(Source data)
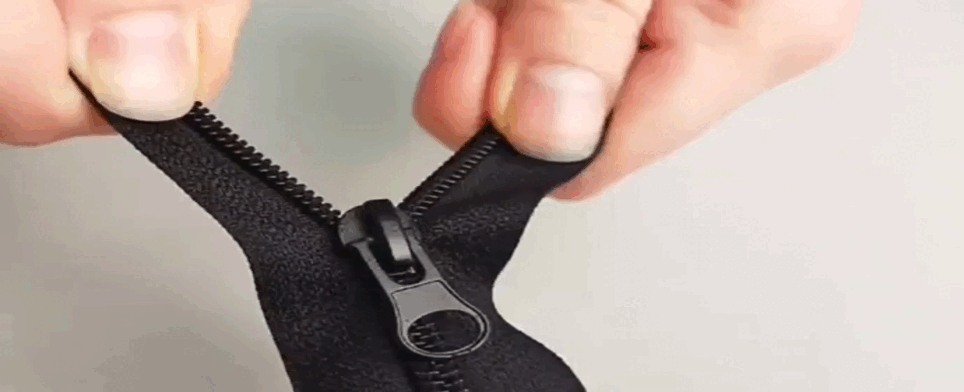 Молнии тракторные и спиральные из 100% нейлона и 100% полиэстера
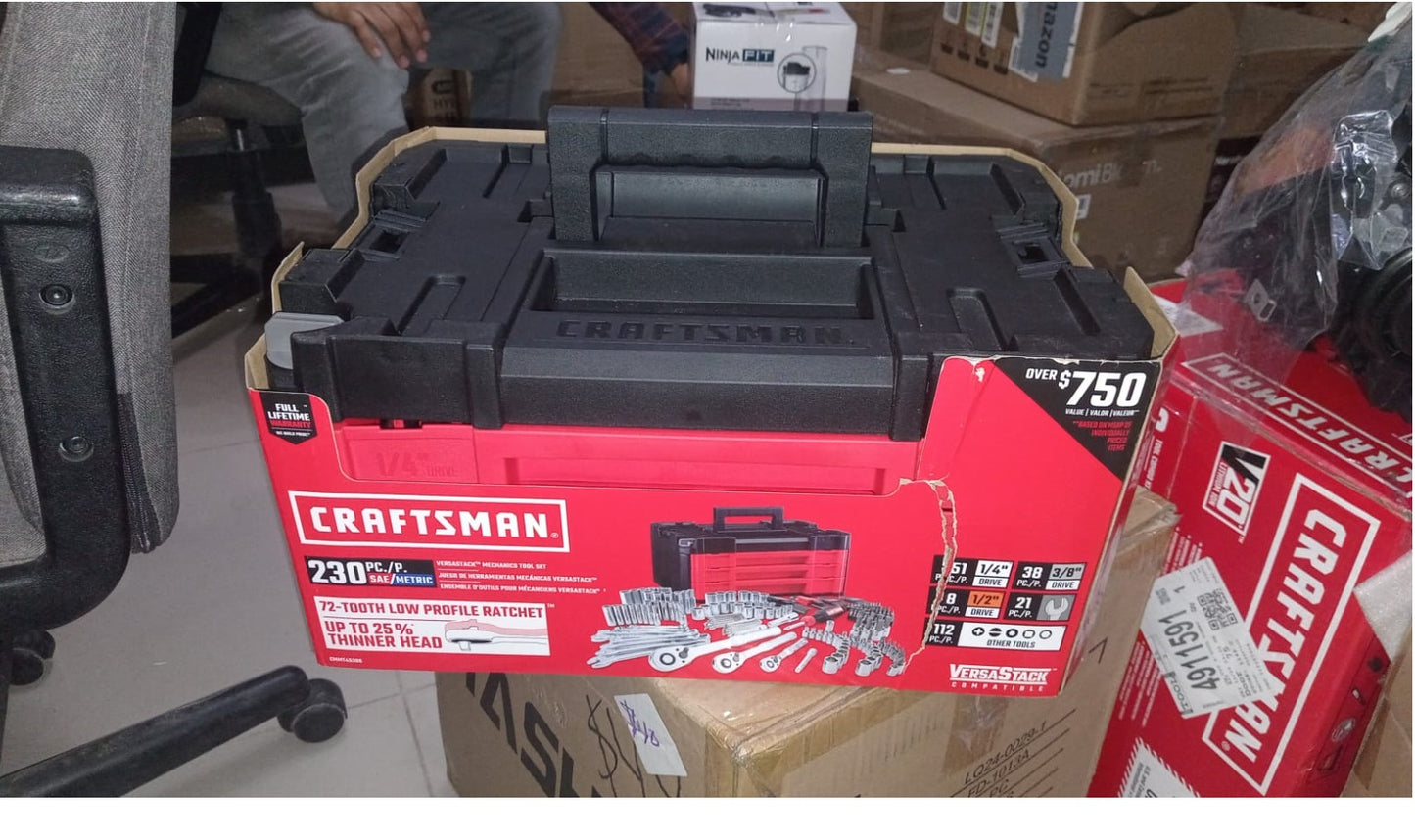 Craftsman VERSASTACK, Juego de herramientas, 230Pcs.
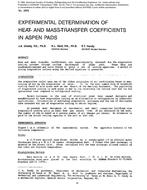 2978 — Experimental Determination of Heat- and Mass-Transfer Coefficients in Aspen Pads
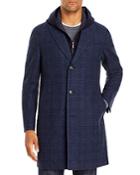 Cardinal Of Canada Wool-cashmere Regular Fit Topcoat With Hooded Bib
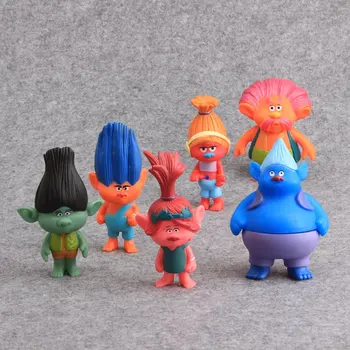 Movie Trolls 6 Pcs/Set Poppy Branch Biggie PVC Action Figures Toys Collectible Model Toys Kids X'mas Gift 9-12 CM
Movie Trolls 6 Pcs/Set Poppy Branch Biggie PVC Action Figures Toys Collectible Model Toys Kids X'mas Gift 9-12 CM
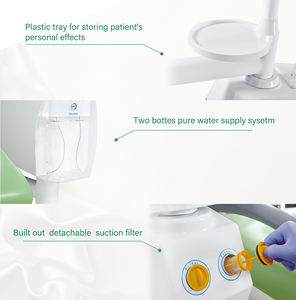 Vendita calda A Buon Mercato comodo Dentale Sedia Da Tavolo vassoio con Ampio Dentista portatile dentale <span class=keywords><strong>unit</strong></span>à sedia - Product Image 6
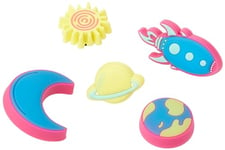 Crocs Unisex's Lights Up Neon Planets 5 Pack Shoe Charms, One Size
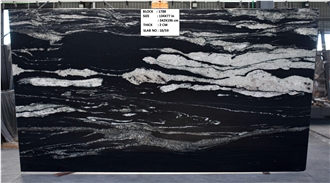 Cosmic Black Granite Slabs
==
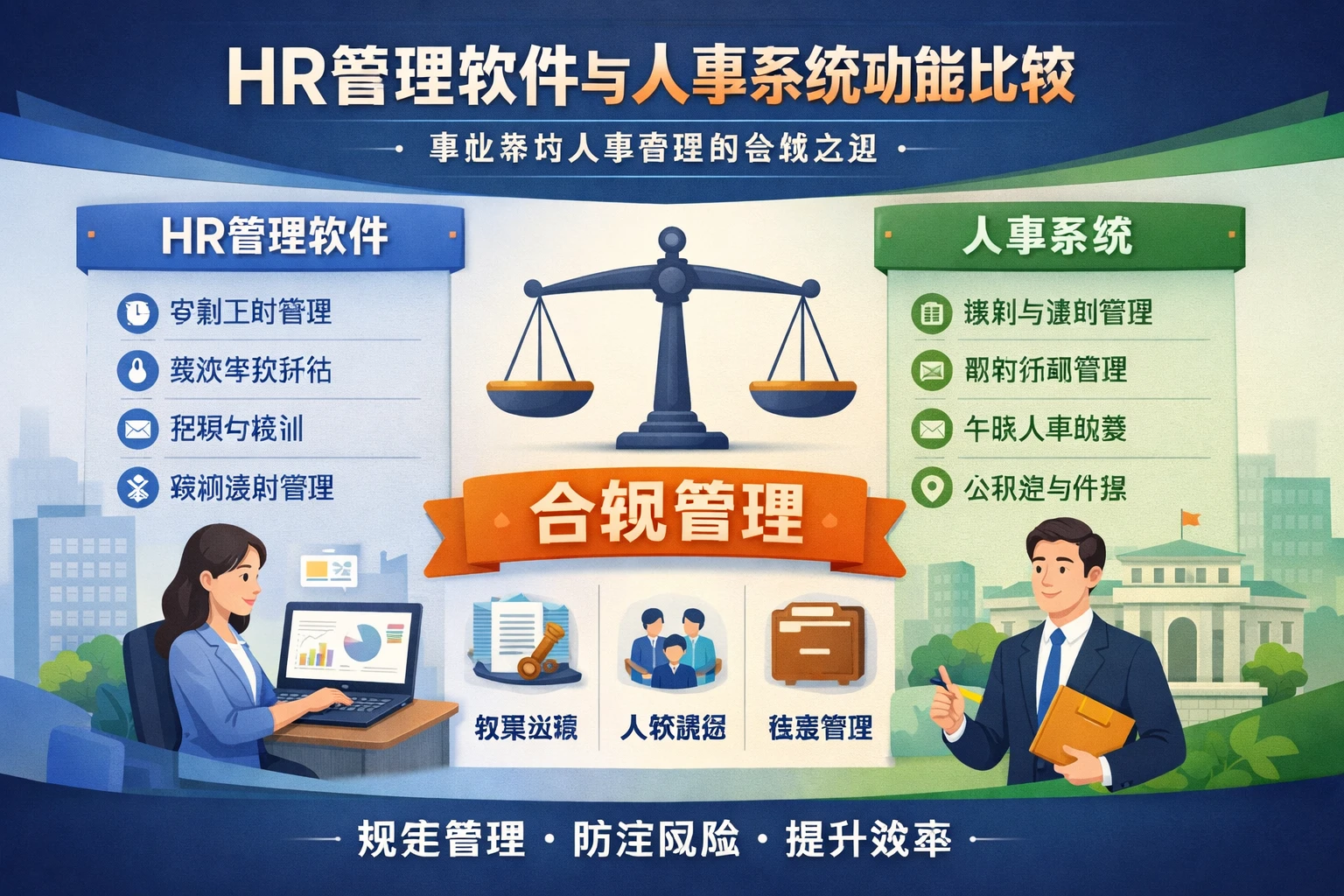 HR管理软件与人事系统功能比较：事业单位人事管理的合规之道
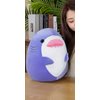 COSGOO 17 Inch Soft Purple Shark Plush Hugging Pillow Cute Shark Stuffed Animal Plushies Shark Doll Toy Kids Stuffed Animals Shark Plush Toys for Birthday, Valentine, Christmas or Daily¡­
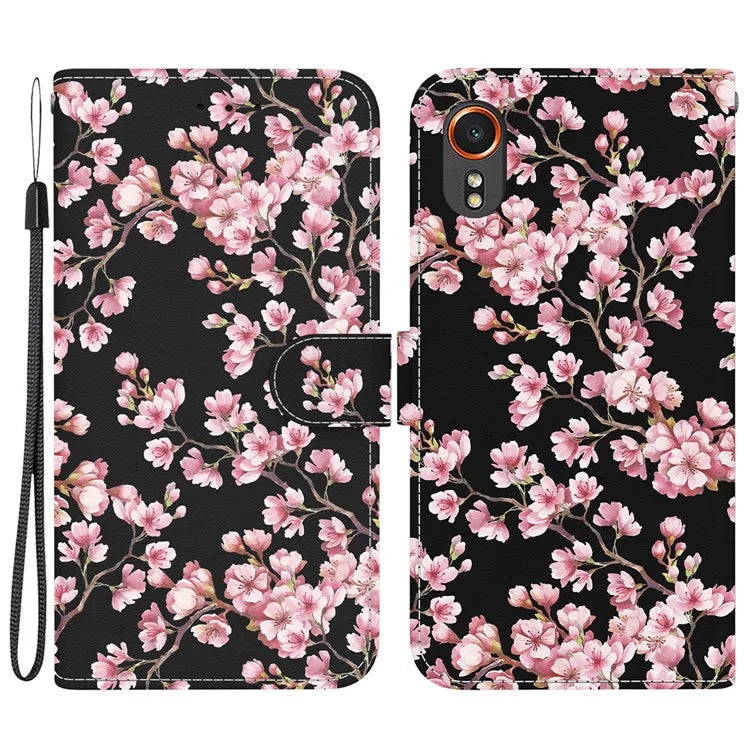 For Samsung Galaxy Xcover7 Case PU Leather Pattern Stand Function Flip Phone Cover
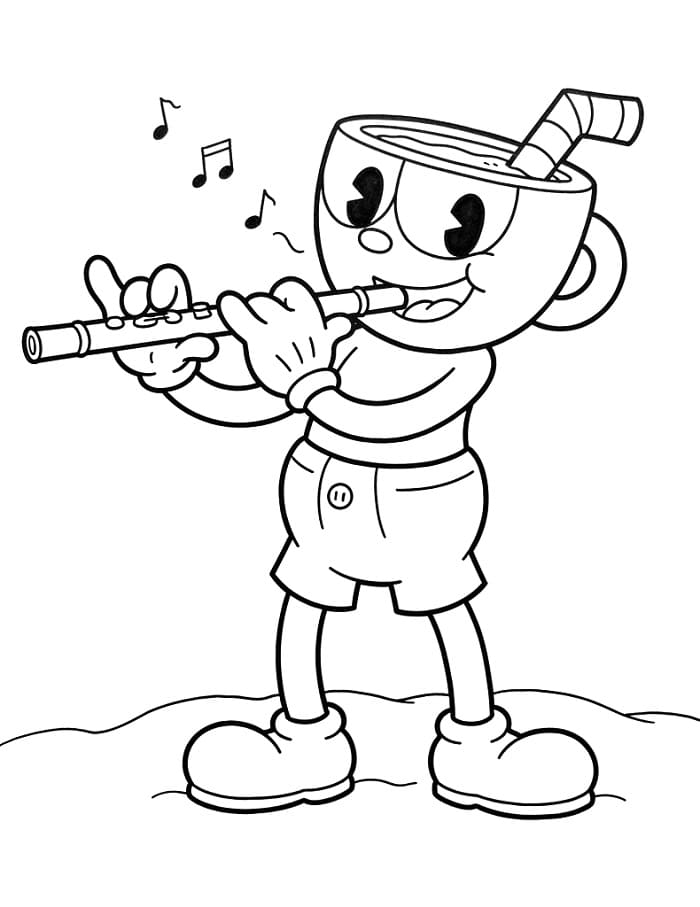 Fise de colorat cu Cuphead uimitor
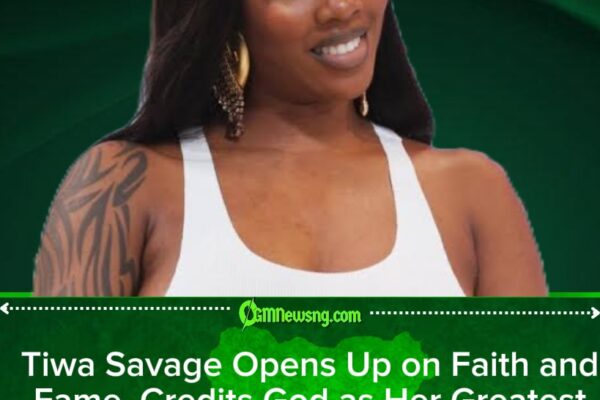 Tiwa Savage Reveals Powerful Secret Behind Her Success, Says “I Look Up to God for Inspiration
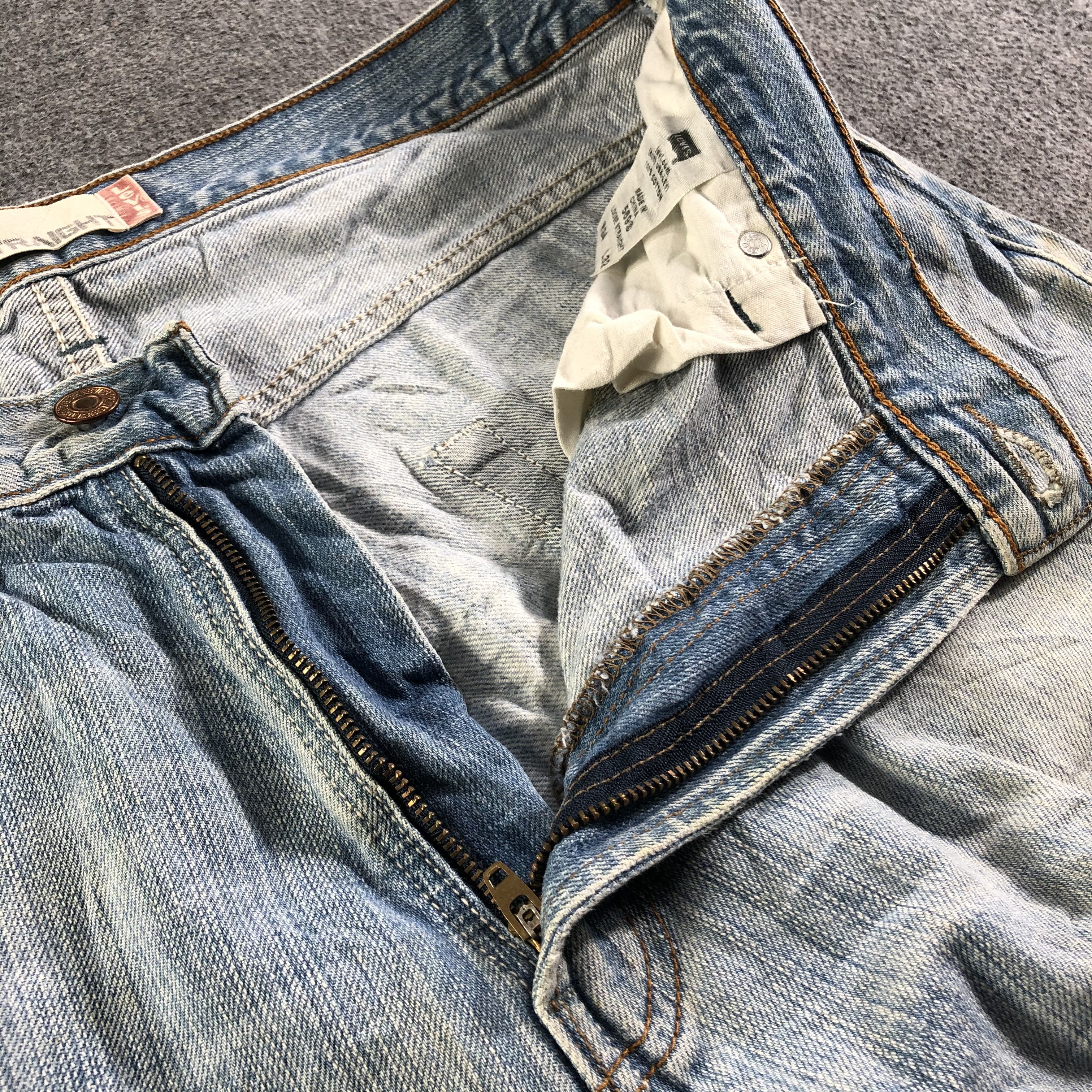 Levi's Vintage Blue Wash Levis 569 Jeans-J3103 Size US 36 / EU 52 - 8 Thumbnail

▸ TASK ITEM
Copy the lines above between the one holding "Молнии тракторные и" and the one holding "Cardinal Of Canada", inclusive. Drop the pictures.

▸ RESPONSE BELOW
 Молнии тракторные и спиральные из 100% нейлона и 100% полиэстера
 Craftsman VERSASTACK, Juego de herramientas, 230Pcs.
 2978 — Experimental Determination of Heat- and Mass-Transfer Coefficients in Aspen Pads
 Cardinal Of Canada Wool-cashmere Regular Fit Topcoat With Hooded Bib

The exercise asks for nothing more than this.